The net-long position in New York futures and options declined for the first time in three weeks, U.S. government data show. Gains for the American economy have eroded the appeal of bullion as a haven and helped boost the dollar to a four-year high. The Federal Reserve said last week it saw enough improvement to end its bond-buying stimulus program.
More than $1.3 billion was pulled from U.S. exchange-traded products tracking precious metals in October, the biggest monthly decline this year, data compiled by Bloomberg show. Societe Generale SA’s Michael Haigh, the analyst who correctly predicted gold’s slump into a bear market last year, said the crash in oil prices underscores why inflation is unlikely to accelerate and adds “ammunition” to the pressure on bullion.
“We are betting on lower gold prices and telling our clients that they should have zero allocation in gold,” Atul Lele, who helps oversee $5.1 billion as the chief investment officer at Bahamas-based Deltec International Group, said Oct. 31. “The dollar will continue to strengthen as other nations are printing money at a time when the U.S. has taken stimulus off the table. U.S. growth is another reason why people will stay away from gold.”
Futures tumbled 4.9 percent to $1,171.60 an ounce on the Comex in New York last week, and on Oct. 31 touched $1,160.50, the lowest since 2010. The Bloomberg Commodity Index of 22 raw materials climbed 1 percent last week as the MSCI All-Country World Index of equities jumped 2.5 percent. The Bloomberg Dollar Spot Index rose 1.2 percent last week, and today was set for the highest close since April 2009. Bullion extended its decline today, falling as much as 0.9 percent to $1,161, before settling at $1,169.80.
The net-long position in gold fell 6.6 percent to 70,298 futures and options contracts in the week ended Oct. 28, according to U.S. Commodity Futures Trading Commission data published three days later. Long holdings contracted 3.8 percent, the most in six weeks.
The U.S. grew at a faster pace than analysts forecast in the third quarter, government data showed Oct. 30. The Fed said a day earlier that it would stop buying debt amid “solid” gains in the labor market.

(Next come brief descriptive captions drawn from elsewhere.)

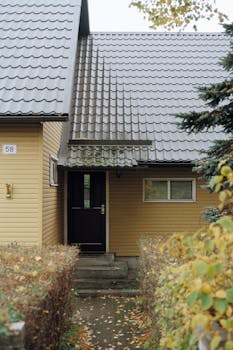 Front view of a yellow wooden house entrance in Tallinn with autumn foliage.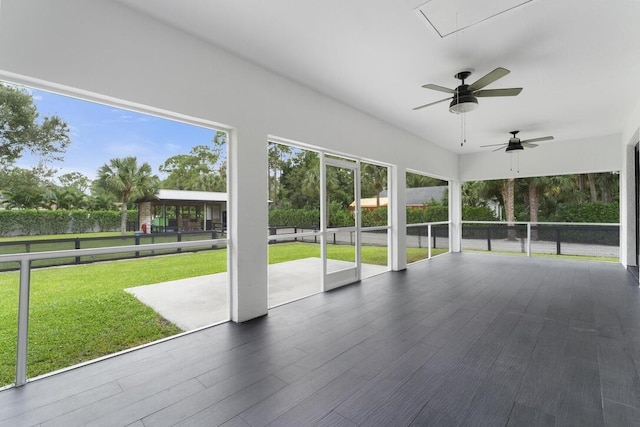 unfurnished sunroom with a healthy amount of sunlight and ceiling fan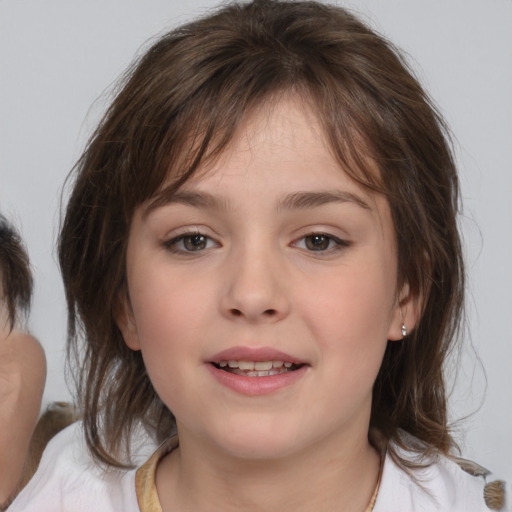 Joyful white child female with medium  brown hair and brown eyes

Global holdings in ETPs backed by gold have dropped to the smallest in five years.
Crude oil fell to a two-year low in New York last week, with the declines increasing the chances that gold will drop to $1,000 over the next two years, SocGen’s Haigh said in an interview Oct. 30. Cheaper energy “means lower inflation and adds to the bearish gold story,” he said.
The prospect of slowing global growth will help revive demand for precious metals as a store of value, according to Jeff Sica, who helps oversee more than $1 billion as chief investment officer at Sica Wealth Management in Morristown, New Jersey.
Russia boosted gold reserves in September by the most since defaulting on local debt in 1998, driving its bullion holdings to the largest in at least two decades, International Monetary Fund data showed last week. The Bank of Japan on Oct. 31 raised its annual target for enlarging the monetary base in a bid to shore up growth.
Sales of gold coins by the U.S. Mint, the world’s largest, in October capped two straight monthly increases for the first time since January. The IMF cut its 2015 global growth forecast to 3.8 percent in October, from a July estimate of 4 percent.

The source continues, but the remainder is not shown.